* To do *
What you return must match the listing below character for character, minus any pictures.

*** Block opens ***

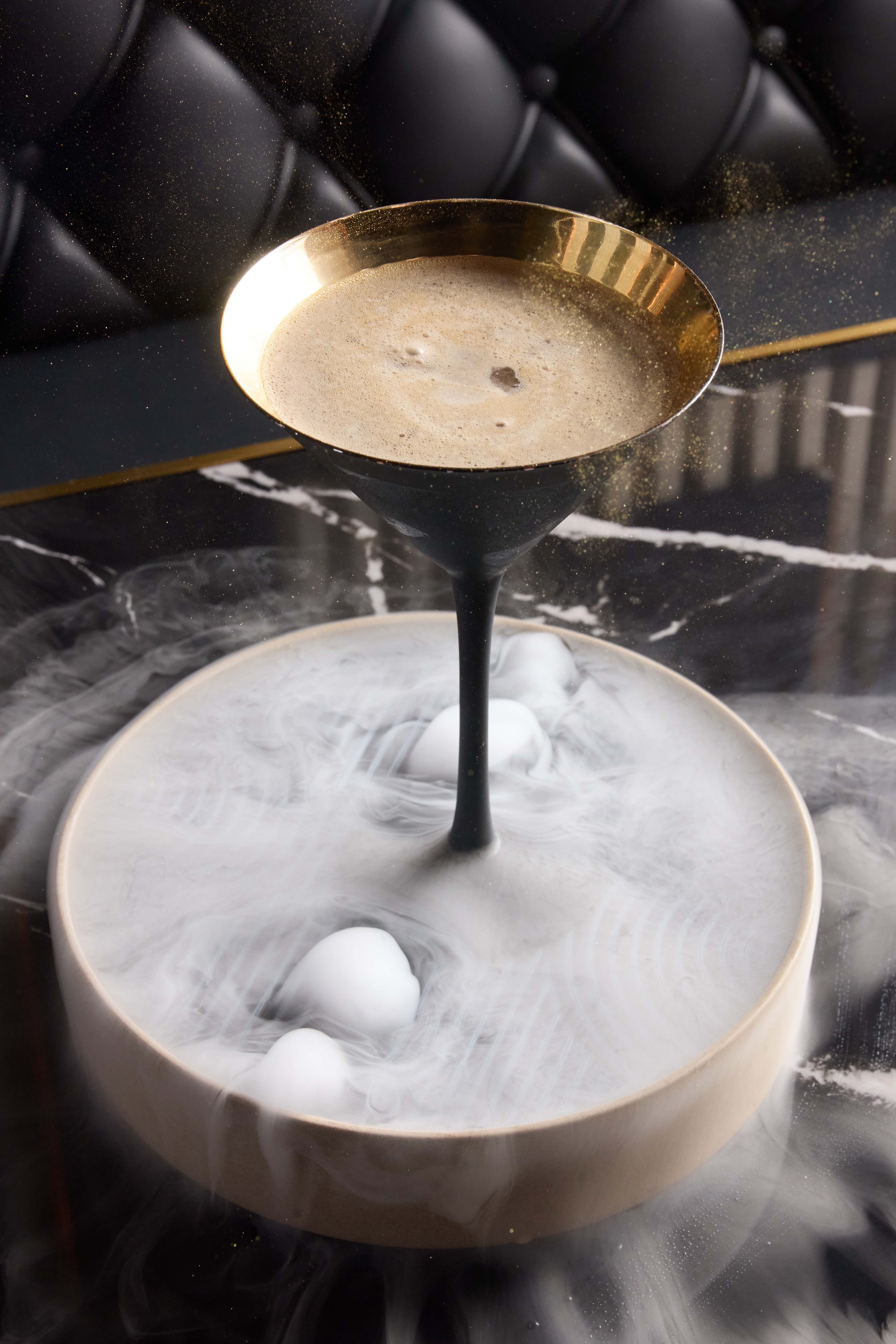 Created for premium brand assets across digital and print platforms.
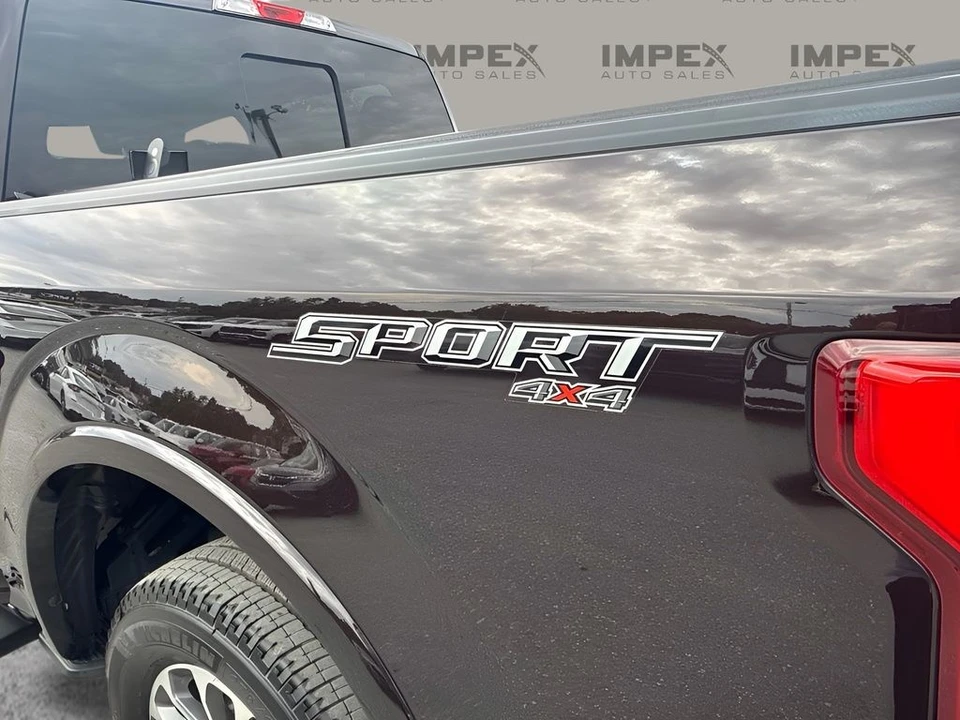 2020 Ford F-150 13th Gen - Image 22 of 26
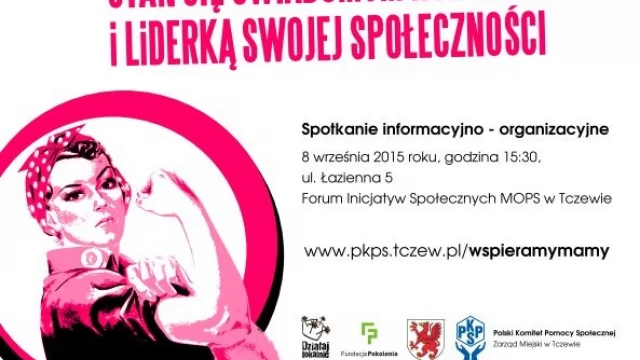 Tczew - Tczewianie uczcili żołnierzy wyklętych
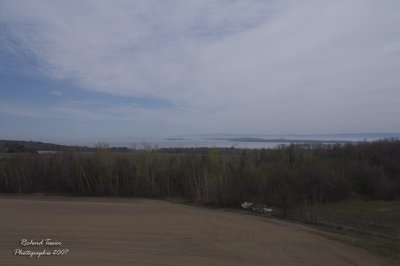 g6/46/651846/3/81950469.8kG5FCtR.jpg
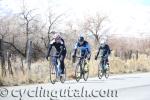 Rocky-Mountain-Raceways-Criterium-3-10-18-IMG_6487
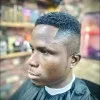 Itz Fisayo
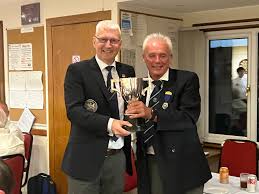 Image result for Caledonian Bowling Club (Perth)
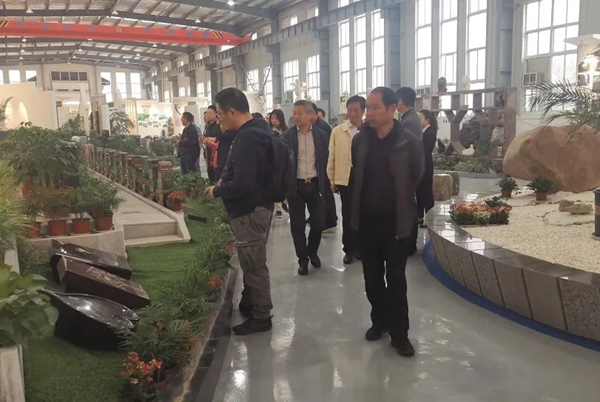 亿万先生MR·(中国集团)官方网站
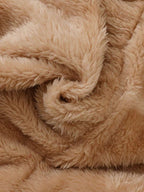 //img.ltwebstatic.com/v4/j/pi/2025/11/03/1c/17621669633a48945d373bb4ce7da4e7995c2f969c_thumbnail_900x.webp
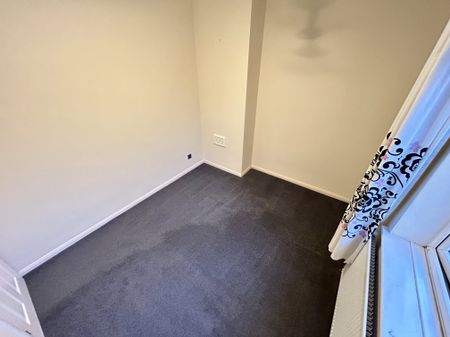 Menin Road, Tipton - Photo 5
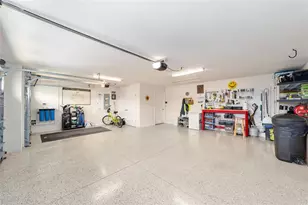 2074 Biller Cir, The Villages, FL 32163 - Photo 58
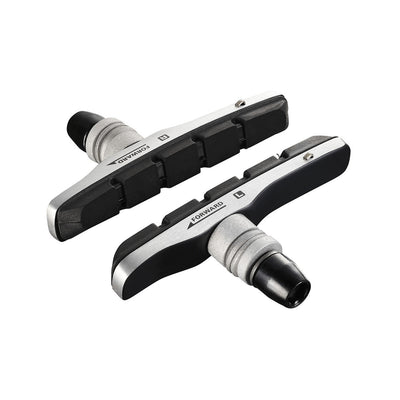 P-Y8EM9802A_1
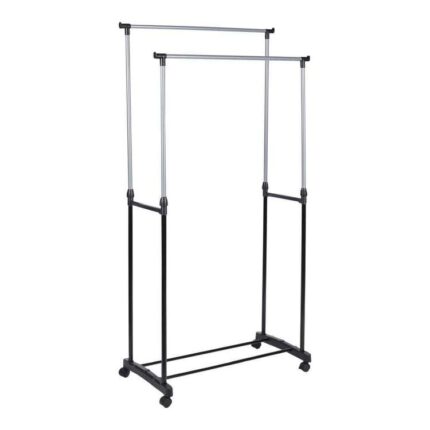 productHero-SPOTWF-BP80536799-stainless-steel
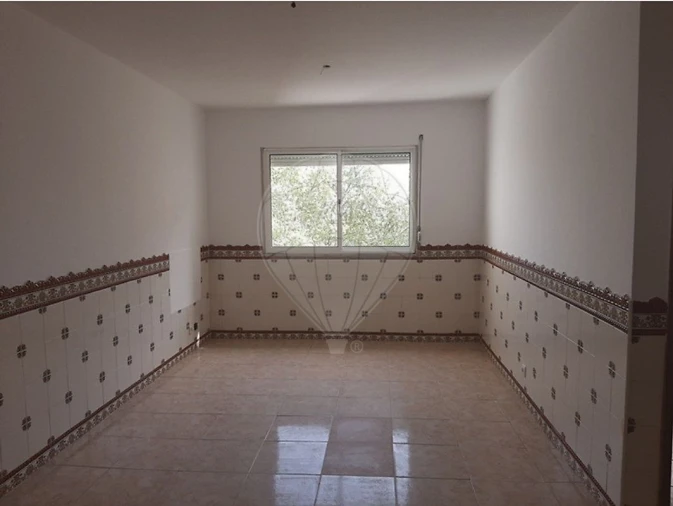 Apartamento T3 para Venda em Santo Antonio da Charneca Foto 4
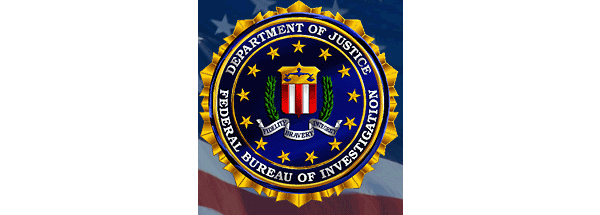 Google: The FBI wants some of your information without a warrant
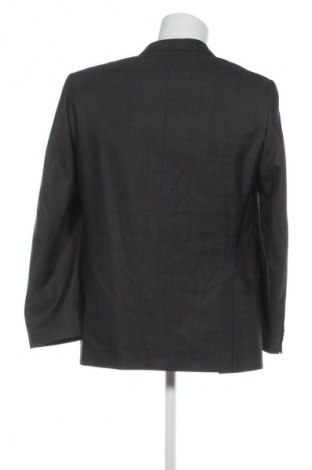 Pánské sako  Unbranded, Velikost XL, Barva Vícebarevné, Cena  139,00 Kč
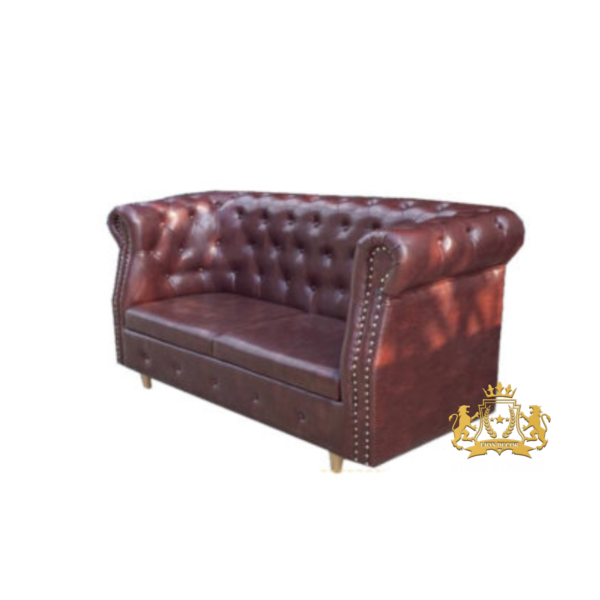 Ghế Sofa Barber Li7-15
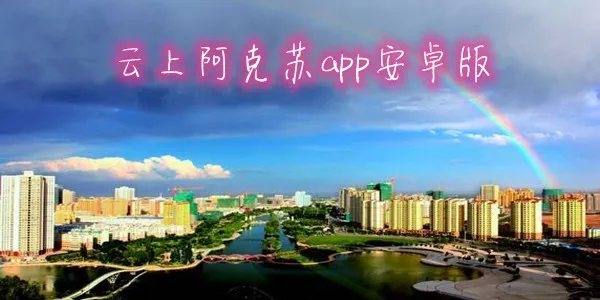 ���ϰ����������ֻ���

*** Block closes ***

* Your solution *
 Created for premium brand assets across digital and print platforms.
 2020 Ford F-150 13th Gen - Image 22 of 26
 Tczew - Tczewianie uczcili żołnierzy wyklętych
 g6/46/651846/3/81950469.8kG5FCtR.jpg
 Rocky-Mountain-Raceways-Criterium-3-10-18-IMG_6487
 Itz Fisayo
 Image result for Caledonian Bowling Club (Perth)
 亿万先生MR·(中国集团)官方网站
 //img.ltwebstatic.com/v4/j/pi/2025/11/03/1c/17621669633a48945d373bb4ce7da4e7995c2f969c_thumbnail_900x.webp
 Menin Road, Tipton - Photo 5
 2074 Biller Cir, The Villages, FL 32163 - Photo 58
 P-Y8EM9802A_1
 productHero-SPOTWF-BP80536799-stainless-steel
 Apartamento T3 para Venda em Santo Antonio da Charneca Foto 4
 Google: The FBI wants some of your information without a warrant
 Pánské sako  Unbranded, Velikost XL, Barva Vícebarevné, Cena  139,00 Kč
 Ghế Sofa Barber Li7-15
 ���ϰ����������ֻ���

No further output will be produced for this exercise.